* Work task
Locate the line that contains "Used 2017 GMC" in the data that follows. Copy it and every subsequent line to the end, exactly, excluding pictures.

* Data excerpt
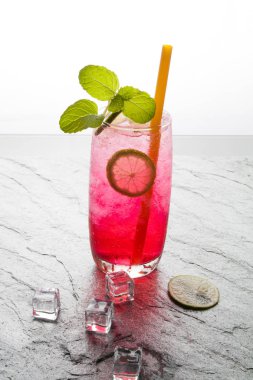 Kırmızı soda kireç kireç içkiyle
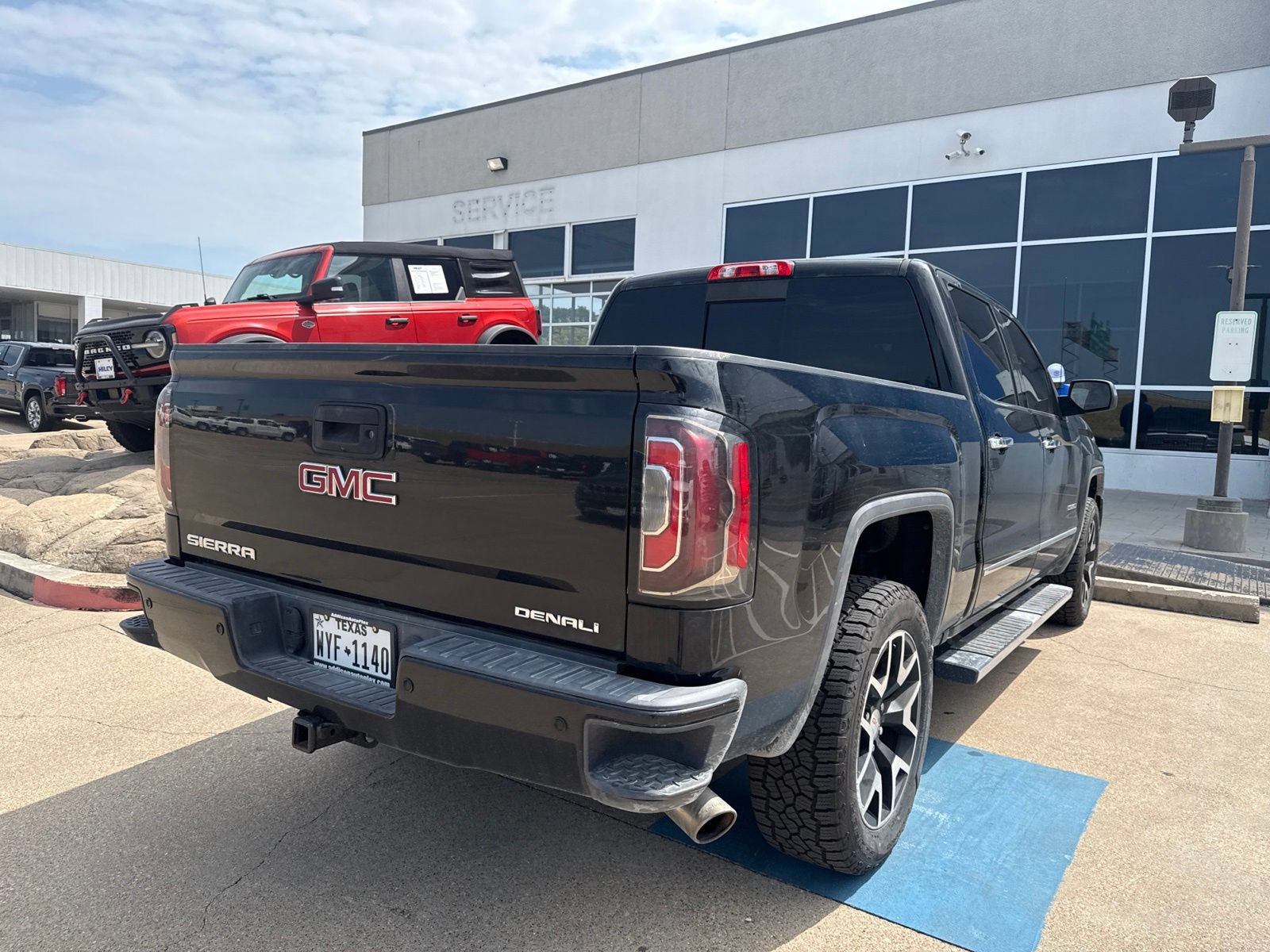 Used 2017 GMC Sierra 1500 Denali AWD/4WD image 6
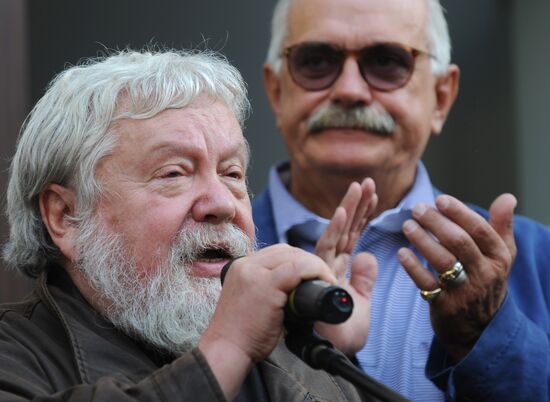 Film directors Sergei Solovyov and Nikita Mikhalkov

* Task answer
 Used 2017 GMC Sierra 1500 Denali AWD/4WD image 6
 Film directors Sergei Solovyov and Nikita Mikhalkov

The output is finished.